November 16, 2005 By Barbara Wolff

A trio of Hispanic writers representing a variety of Latino cultures will bring their distinctive, powerful voices to a reading forum at Madison’s Overture Center for the Arts on Tuesday, Nov. 29.

“We chose these writers because each has a distinct writing style and represents a specific cultural background within the Latino world. I admire them all for their work,” says Joan Fischer, associate director of the Wisconsin Academy of Sciences, Arts and Letters, which is organizing the event.

One of the participants is a Madison educator, another is from Mexico City and the third was born and raised in Brazil. They are:

Oscar Mireles, principal/executive director of Omega School, an alternative school in Madison, which has assisted more than 1,500 young adults to prepare for and complete their GED. He also is a member of the Minds Eye Radio Collective in Madison, which produces a show of spoken word poetry on WORT radio (89.9 FM), airing at 11 p.m. the first Friday of the month.

Mireles has been writing for 25 years, publishing a chapbook, “Second Generation” (Focus Communications, 1985) and editing two anthologies, “I Didn’t Know There Were Latinos in Wisconsin: 20 Hispanic Poets” (Focus Communications, 1989) and “I Didn’t Know There Were Latinos in Wisconsin: 30 Hispanic Poets” (Focus Communications, 1999). He has published more than 50 of his own poems in anthologies and journals.

Ruben Medina, from Mexico City, is a UW–Madison associate professor of Spanish and Portuguese and Chican@ and Latin@ studies. Medina has written a book of poetry, “Nomadic Nation/nacio’n no’mada” and a study of Nobel Prize-winning writer Octavio Paz (Escritura y Poetica de Octavio Paz, Mexico: El Colegio de Mexico, 1999). He currently is at work on a book of short stories, “El silencio del salvaje,” and a collection of essays on Mexican and Chicana/o literature and film.

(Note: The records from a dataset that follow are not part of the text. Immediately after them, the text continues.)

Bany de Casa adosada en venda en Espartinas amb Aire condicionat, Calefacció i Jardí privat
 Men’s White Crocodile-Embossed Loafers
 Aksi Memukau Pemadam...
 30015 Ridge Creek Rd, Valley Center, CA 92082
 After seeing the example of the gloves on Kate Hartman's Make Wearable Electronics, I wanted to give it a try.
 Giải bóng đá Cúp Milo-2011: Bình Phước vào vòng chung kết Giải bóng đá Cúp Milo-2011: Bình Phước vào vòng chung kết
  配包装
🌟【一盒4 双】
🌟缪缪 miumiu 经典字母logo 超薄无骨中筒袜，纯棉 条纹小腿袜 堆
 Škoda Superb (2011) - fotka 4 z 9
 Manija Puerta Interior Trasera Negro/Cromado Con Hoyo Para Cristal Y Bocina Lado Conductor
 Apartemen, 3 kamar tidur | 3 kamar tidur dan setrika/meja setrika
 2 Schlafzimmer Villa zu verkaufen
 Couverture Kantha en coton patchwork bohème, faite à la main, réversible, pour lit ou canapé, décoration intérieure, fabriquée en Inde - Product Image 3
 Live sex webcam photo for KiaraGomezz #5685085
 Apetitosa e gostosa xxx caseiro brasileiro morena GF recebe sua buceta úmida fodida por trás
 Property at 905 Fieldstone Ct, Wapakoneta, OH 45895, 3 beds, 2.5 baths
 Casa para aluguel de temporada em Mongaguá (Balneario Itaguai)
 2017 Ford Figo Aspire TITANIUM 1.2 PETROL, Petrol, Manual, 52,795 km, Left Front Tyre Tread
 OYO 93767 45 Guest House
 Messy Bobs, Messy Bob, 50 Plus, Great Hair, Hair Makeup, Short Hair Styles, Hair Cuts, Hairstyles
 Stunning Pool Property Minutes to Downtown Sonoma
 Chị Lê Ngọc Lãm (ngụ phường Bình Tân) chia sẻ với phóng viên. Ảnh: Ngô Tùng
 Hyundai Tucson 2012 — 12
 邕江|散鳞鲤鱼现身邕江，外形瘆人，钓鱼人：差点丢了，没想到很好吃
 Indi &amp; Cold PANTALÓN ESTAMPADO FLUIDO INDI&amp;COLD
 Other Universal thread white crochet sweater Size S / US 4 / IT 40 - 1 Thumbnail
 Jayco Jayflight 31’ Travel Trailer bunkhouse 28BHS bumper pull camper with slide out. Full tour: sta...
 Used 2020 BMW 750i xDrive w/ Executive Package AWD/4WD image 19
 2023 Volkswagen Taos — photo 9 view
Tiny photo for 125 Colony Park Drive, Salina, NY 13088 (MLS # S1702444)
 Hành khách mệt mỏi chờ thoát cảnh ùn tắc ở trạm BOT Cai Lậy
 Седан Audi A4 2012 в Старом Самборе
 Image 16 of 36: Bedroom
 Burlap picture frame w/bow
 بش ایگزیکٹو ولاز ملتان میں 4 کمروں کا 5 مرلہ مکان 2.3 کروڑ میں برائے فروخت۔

Luana Monteiro, originally from Brazil, is an alumna of UW–Madison’s creative writing program. Her first book of short stories is “Little Star of Bela Lua” (Delphinium Books, 2005). “UW-Madison students will find her particularly inspiring. She was one of the first graduates of the university’s MFA program in creative writing,” Fischer says.

She adds that the three presenters also are primed to learn a good deal about each other’s work.

“The three of them represent not only a diversity of cultural backgrounds but also of age and gender,” she says.

The main presentation will begin at 7 p.m. in the Overture Center, 201 State St. Tickets are suggested to ensure seating and are available free at the Overture Center’s James Watrous Gallery.

The forum, part of the Wisconsin Academy’s Evenings at Overture series, is sponsored by UW–Madison, the Wisconsin Alumni Research Foundation, the Pleasant T. Rowland Foundation, M&I Bank, the Isthmus, Whyte Hirschboeck Dudek SC and individual donors. For more information contact Barb Sanford at 263-1692 or bsanford@wisconsinacademy.org, or visit http://www.wisconsinacademy.org.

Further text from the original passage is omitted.